_YOUR TASK_.
Your copy should match the entries exactly, except that it holds no pictures.

_DATASET RECORDS_.
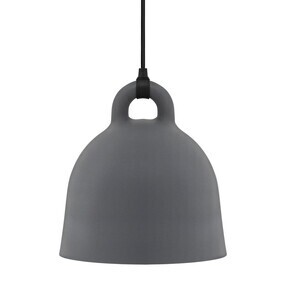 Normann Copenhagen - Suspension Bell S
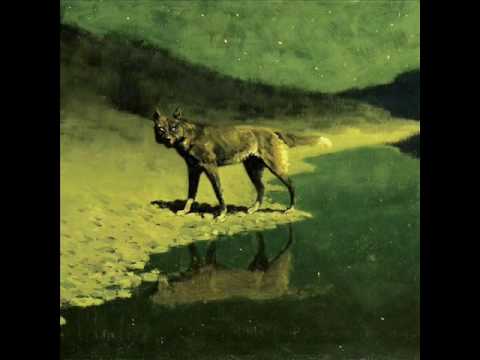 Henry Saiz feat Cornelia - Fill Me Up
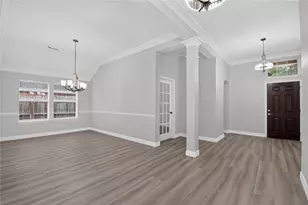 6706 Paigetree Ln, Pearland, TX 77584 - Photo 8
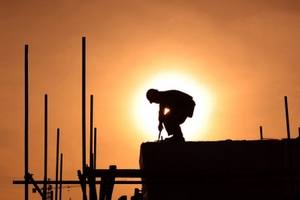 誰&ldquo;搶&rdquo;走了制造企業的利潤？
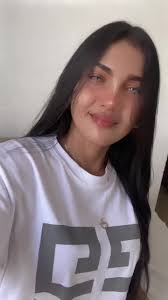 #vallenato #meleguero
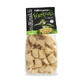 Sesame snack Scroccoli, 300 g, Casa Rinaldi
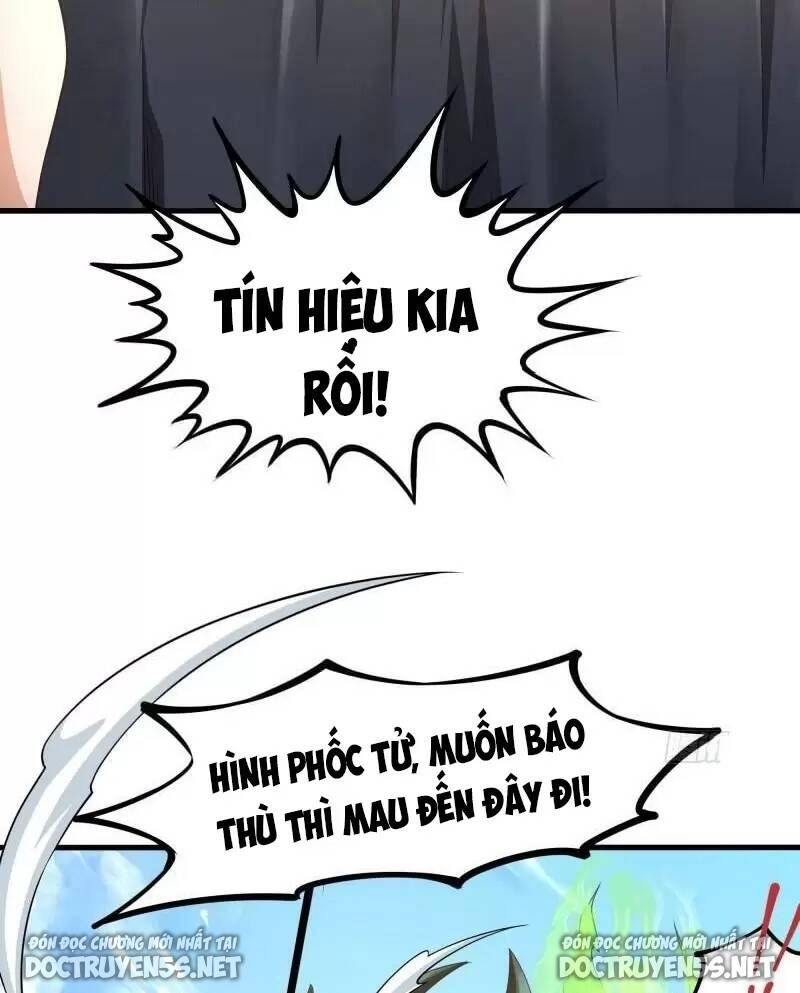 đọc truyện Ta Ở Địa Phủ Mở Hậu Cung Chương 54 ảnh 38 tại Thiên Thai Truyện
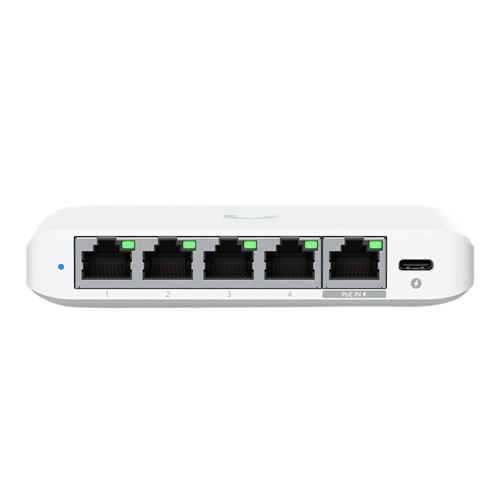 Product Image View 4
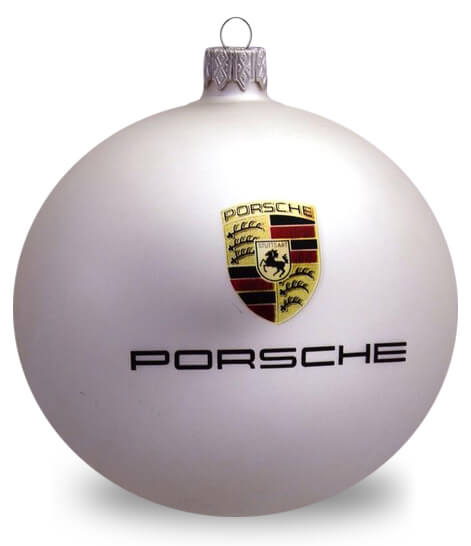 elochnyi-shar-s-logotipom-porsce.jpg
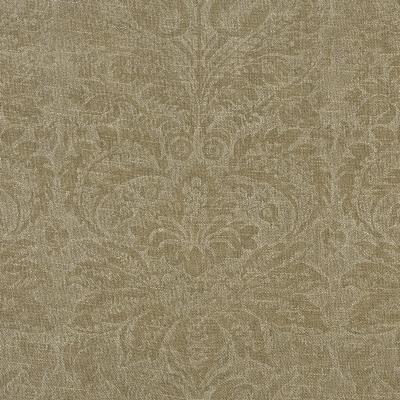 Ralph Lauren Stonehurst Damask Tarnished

_SOLUTION_.
 Normann Copenhagen - Suspension Bell S
 Henry Saiz feat Cornelia - Fill Me Up
 6706 Paigetree Ln, Pearland, TX 77584 - Photo 8
 誰&ldquo;搶&rdquo;走了制造企業的利潤？
 #vallenato #meleguero
 Sesame snack Scroccoli, 300 g, Casa Rinaldi
 đọc truyện Ta Ở Địa Phủ Mở Hậu Cung Chương 54 ảnh 38 tại Thiên Thai Truyện
 Product Image View 4
 elochnyi-shar-s-logotipom-porsce.jpg
 Ralph Lauren Stonehurst Damask Tarnished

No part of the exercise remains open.